The third installment in the series was a relatively by the numbers sequel, albeit one that features one of the most iconic moments in the entire franchise, which is of course during Alan Grant’s hallucinatory dream where a velociraptor on an airplane calls him out by name. Jurassic Park III will no doubt remain the lowest-grossing entry for a long time given that the last two earned at least $1.3 billion each a the box office, but it did at least give Sam Neill the chance to go for broke as an action hero.
In a recent interview, though, the actor admitted that he didn’t truly get to grips with the intrepid paleontologist until his second appearance, and downplayed his abilities to embody the rugged adventurer archetype in the process.
“For me, by the the time I got to number three, probably a bit late in the day, I’d sort of worked out how to play that character, which I hadn’t really quite gotten around to in the first one. I was still trying to work out, how do you play that guy in the hat? Something that comes completely naturally to someone like Harrison Ford. Not naturally to me.

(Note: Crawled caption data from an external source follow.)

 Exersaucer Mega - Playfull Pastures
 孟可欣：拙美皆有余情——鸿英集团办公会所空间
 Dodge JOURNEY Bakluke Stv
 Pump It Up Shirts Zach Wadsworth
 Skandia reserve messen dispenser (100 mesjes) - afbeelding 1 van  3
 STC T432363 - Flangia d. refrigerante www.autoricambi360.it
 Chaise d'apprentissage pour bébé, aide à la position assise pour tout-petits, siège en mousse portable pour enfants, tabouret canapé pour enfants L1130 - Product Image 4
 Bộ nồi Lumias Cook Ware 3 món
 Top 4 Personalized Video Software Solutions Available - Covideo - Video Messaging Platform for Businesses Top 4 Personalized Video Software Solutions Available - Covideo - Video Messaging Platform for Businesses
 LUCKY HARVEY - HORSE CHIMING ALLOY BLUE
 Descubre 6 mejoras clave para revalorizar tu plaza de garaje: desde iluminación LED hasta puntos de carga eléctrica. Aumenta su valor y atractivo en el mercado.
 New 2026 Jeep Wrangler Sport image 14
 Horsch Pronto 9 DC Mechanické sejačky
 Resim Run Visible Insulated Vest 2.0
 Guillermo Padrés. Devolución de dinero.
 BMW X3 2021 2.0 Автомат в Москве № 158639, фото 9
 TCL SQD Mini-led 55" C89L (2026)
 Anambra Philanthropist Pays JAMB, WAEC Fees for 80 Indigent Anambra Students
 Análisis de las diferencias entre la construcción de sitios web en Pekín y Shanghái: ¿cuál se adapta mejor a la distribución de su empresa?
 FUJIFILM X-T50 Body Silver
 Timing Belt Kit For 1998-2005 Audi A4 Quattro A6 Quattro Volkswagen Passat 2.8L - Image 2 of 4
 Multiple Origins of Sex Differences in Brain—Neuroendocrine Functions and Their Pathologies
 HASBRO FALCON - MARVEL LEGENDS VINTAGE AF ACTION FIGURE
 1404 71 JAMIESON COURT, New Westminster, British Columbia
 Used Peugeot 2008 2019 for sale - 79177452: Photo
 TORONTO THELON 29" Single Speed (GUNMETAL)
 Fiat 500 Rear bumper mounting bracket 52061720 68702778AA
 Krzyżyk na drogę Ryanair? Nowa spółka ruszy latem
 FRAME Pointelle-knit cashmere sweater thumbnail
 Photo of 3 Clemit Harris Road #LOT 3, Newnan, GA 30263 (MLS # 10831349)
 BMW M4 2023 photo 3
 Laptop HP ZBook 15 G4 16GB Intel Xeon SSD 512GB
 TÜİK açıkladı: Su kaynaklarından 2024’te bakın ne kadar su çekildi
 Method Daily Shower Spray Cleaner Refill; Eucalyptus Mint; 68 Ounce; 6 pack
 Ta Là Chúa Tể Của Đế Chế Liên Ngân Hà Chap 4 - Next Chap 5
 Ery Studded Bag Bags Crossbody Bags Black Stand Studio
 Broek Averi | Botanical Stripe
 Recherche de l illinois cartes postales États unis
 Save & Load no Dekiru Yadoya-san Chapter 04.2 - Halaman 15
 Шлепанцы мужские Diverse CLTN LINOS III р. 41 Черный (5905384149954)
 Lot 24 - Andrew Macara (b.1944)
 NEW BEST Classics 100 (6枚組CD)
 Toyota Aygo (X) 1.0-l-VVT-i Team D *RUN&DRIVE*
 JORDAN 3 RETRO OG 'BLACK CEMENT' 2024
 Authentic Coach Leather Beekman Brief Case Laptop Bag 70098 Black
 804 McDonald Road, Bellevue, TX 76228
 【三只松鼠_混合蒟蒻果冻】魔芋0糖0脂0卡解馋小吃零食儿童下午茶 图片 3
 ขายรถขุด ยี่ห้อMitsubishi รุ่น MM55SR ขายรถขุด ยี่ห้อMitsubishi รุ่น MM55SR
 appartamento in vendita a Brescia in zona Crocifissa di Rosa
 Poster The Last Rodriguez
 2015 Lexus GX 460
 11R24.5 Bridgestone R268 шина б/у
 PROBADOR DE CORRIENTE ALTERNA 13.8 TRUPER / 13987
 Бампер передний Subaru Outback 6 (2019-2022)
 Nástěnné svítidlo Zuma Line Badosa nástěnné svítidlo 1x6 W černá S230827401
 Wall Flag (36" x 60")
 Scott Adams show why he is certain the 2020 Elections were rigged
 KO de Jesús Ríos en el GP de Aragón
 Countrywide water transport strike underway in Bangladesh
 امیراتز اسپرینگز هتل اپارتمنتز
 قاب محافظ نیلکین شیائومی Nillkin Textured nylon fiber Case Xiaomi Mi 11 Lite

And something that Chris Pratt, fantastic guy, has given a lot of thought to and really worked out how to do it. And you have to think how to do that. It’s a special skill. You’re not just playing a character. You need a whole skill-set. You need a whole armory to play an action hero and I wish I had known what those skills were when we did the first one, but there we are.”
Ironically, Harrison Ford was one of the many names to turn down the role when it was offered around, with Neill far from first in line. William Hurt, Richard Dreyfus and Kurt Russell also reportedly said no before it became the defining part of the New Zealander’s career. Of course, the 73 year-old will be back in next year’s Jurassic World: Dominion, and having finally got to grips with his character two decades ago in Jurassic Park III, it’ll be great for longtime fans to see the original gang reunited once again.